By one person, enough to feed many people? I believe I have, at least for wheat and hulless oats/barley.
I thought of this from thinking about clay balls, and also from looking at the way wild rice grows in nature.
I think the trick is to get the plants to grow in clusters, sort of like the rows and columns you see in machine-planted industrial agriculture fields, but with several plants per spot, and more space in-between.
To achieve this I propose using seed balls, not in the normal way seed balls have previously been used for grain, with one seed per small ball, but more like seed "bombs" with several seeds per large ball. Dropping them in place would most likely be preferable to throwing them for this purpose.
Experimentation will be needed to determine the optimal number of seeds per ball and distance between clusters. Also whether a living mulch like clover would need to be used or if the spreading roots would do a good enough job of suppressing weeds on their own.

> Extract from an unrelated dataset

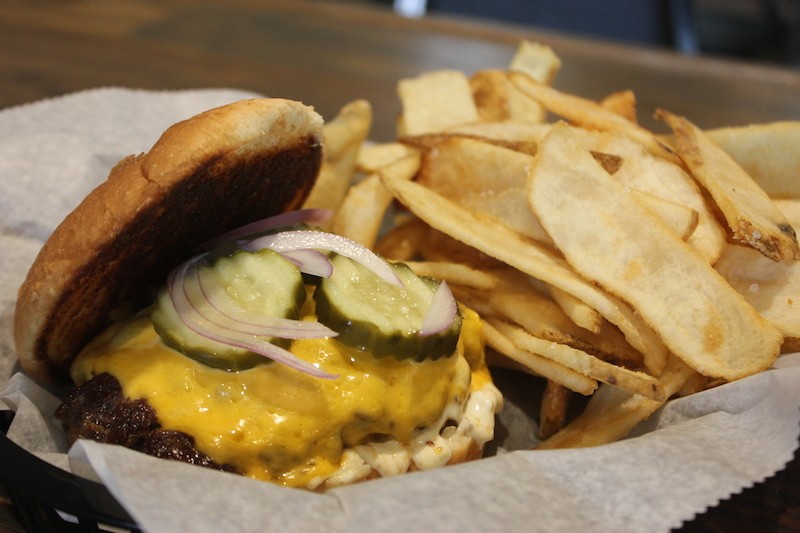 Twisted Roots' burger comes topped with pickle, onion and your choice of cheese and sauce. - SARAH FENSKE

Most of the pain and effort I see when I watch people harvest grain by hand is in the cutting the stalks and getting the plants to lie straight on the ground, either on your hands and knees with a sickle, or with a scythe with those very cumbersome and inconvenient-looking finger attachments. And also in the tying of the plants in bundles, usually an entire second job for a second person.
Growing the plants in clusters would eliminate both of these things. All you would have to do would be to grab the cluster of plants beneath the seed heads and cut it below that. No specialized tools needed, a cheap sickle or even a machete would work. And thus it is already in a bundle in your hand, and the simple and already-popular "bang it on the side of a large metal drum" method of getting the seeds off can be used.
The only difficulties left are in getting the metal drum to follow you around the field, and in the winnowing. The first is easily solved with a small cart and a cow or a donkey. Or you could push it yourself I guess, every ten feet or so. Winnowing I think is not much of a time/energy consumer as long as you wait for a suitably dry and windy day.
I think that with this method, the growing of wheat, oats and barley is made just as practical small-scale as growing field corn (maize) is. Winnowing and shucking can be called comparably difficult, I think. Also you don't have to nixtamilize wheat/oats/barley like you do with maize. Maize will kill you slowly if you try to survive principally on it unnixtamilized, did you know. Also I think it doesn't taste nearly as nice to most people. And it doesn't like chilly places.
And If you are thinking that growing them this way will drastically reduce yields, I beg to differ. Grains are grasses and grasses love to grow in clusters. Take the wild rice I mentioned earlier for instance, or the crabgrass that probably grows in your garden. Also, plants generally do a good job of spreading their roots quickly over any available area, and in growing their leaves so as not to compete for sunlight with their own kind. I'm fairly certain that yields would be comparable to broadcasting.